And yet small markets without their own growth engines can actually offer good yield opportunities, too. Eastham Capital has found success in under-the-radar Midwestern markets such as New Albany, Ind., outside of the Louisville, Ky., submarket—a smaller suburb featuring high cap rates but proximity to a job center.
Smaller cities such as Boise, Idaho, and Albuquerque, N.M., can also be worthwhile for investors, especially since they have solid fundamentals but are often overlooked by larger investors.
“We like markets like that because they’re not on everyone’s radar,” Siegler said.
A Thorough Vetting
Some of the typical due diligence items on an investor’s checklist include property management, access to financing, and title issues.
Whether or not a property is professionally managed can speak volumes about its relative appeal.

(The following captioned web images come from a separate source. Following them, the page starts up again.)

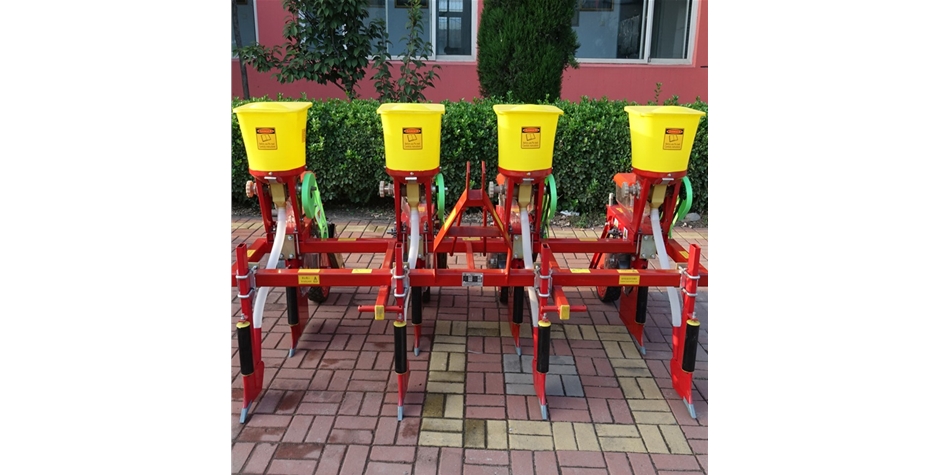 4行玉米播種機(jī)
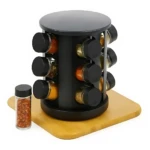 Portacondimentos giratorio negro con base de madera clara, nueve frascos de vidrio con tapas negras y un frasco adicional al lado.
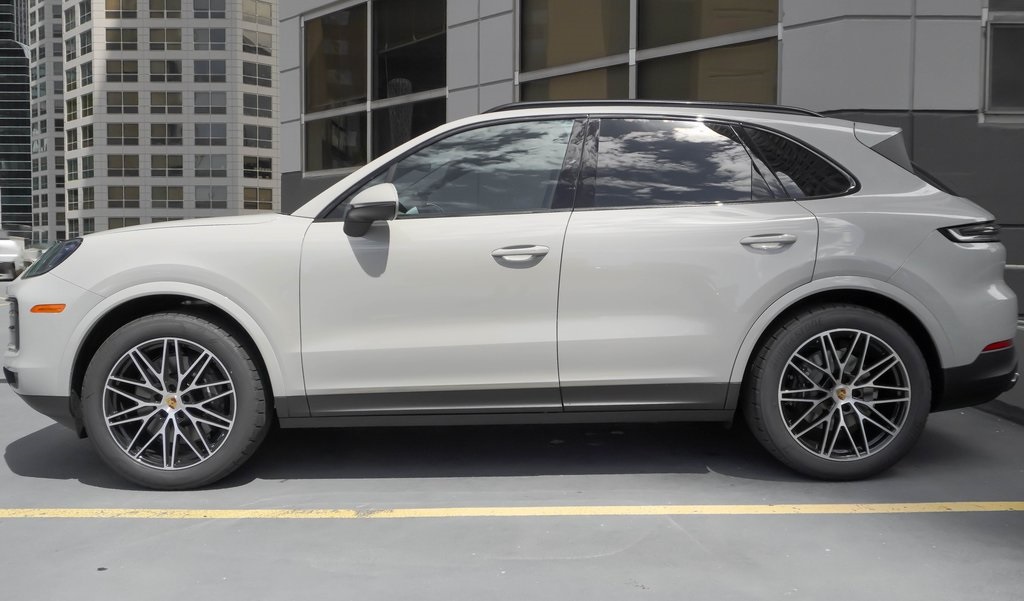 2024 Porsche Cayenne  3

“If the property isn’t professionally managed, there might be an immediate value-add opportunity,” Siegler said.
On the financing end, projects under $3 million aren’t very attractive to most equity investors—it’s inefficient to allocate capital in such a piecemeal fashion. And smaller properties can have a more difficult time finding debt financing, which can turn off potential investors. Yet if a property is eligible for an agency loan, it’s a big plus.
“If you can get FHA financing, it’s a much more compelling opportunity,” Valger said.
Property reports ranging from environmental assessments to title histories can present another investment hurdle if the costs to remedy the issues outweigh the benefits.
“No one wants to buy a property that has a bad title,” Silverman said.
Looking at a project critically with an investor’s eye can reveal the pluses—and minuses—that translate to either a deal or a missed opportunity.